Moreover Britain faces a special human rights problem not faced by most other Convention countries; the acute problems faced by having to deal with terrorism within our own borders. A significant number of the cases coming before the Court have concerned the treatment of terrorists and suspected terrorists. The IRA have not been slow to appreciate the propaganda value associated with a successful appeal to Strasbourg and a number of cases have been brought, some successful, in which the government’s security arrangements have been challenged before the Court. The troubles in Northern Ireland do not in themselves justify an infringement of the Convention but the measures required to combat terrorism necessarily give rise to difficult judgements between the suspect’s human rights on the one hand and the urgent need to apprehend and successfully prosecute terrorists for the safety and security of the public on the other.
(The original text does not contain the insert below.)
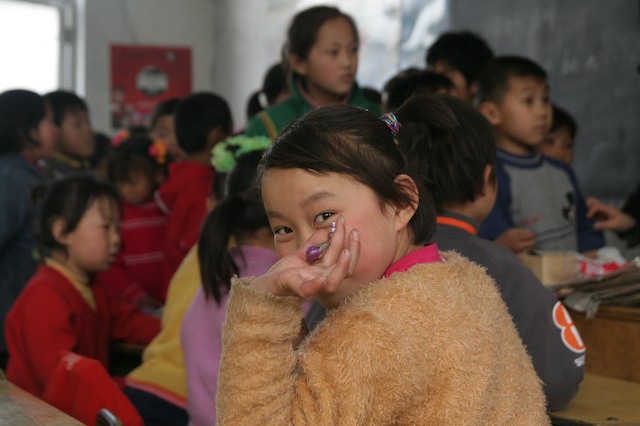 Migrant School 11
The troubles in Northern Ireland mean that in many instances Britain has found itself at the leading edge of human rights law.
The Human Rights Court has fairly recognised that the troubles in Northern Ireland have placed the Government in a difficult position in carrying out the balancing exercise between the requirements of public safety and the need to safeguard the rights of actual and suspected terrorists. In the light of this special difficulty faced by the United Kingdom, our human rights record becomes even more creditable.
Moreover in those instances where the Court has found against the United Kingdom, this country has taken effective steps to remedy the situation. This country can be proud of its record in this respect. The Interceptions of Communications Act 1985, the Access to Health Records Act 1990, section 2 Contempt of Court Act 1981 were all introduced in response to adverse rulings from the Human Rights Court. How much better it is for Parliament to take proper and considered measures to remedy the situation than for domestic courts to try to rectify the position on a case by case basis.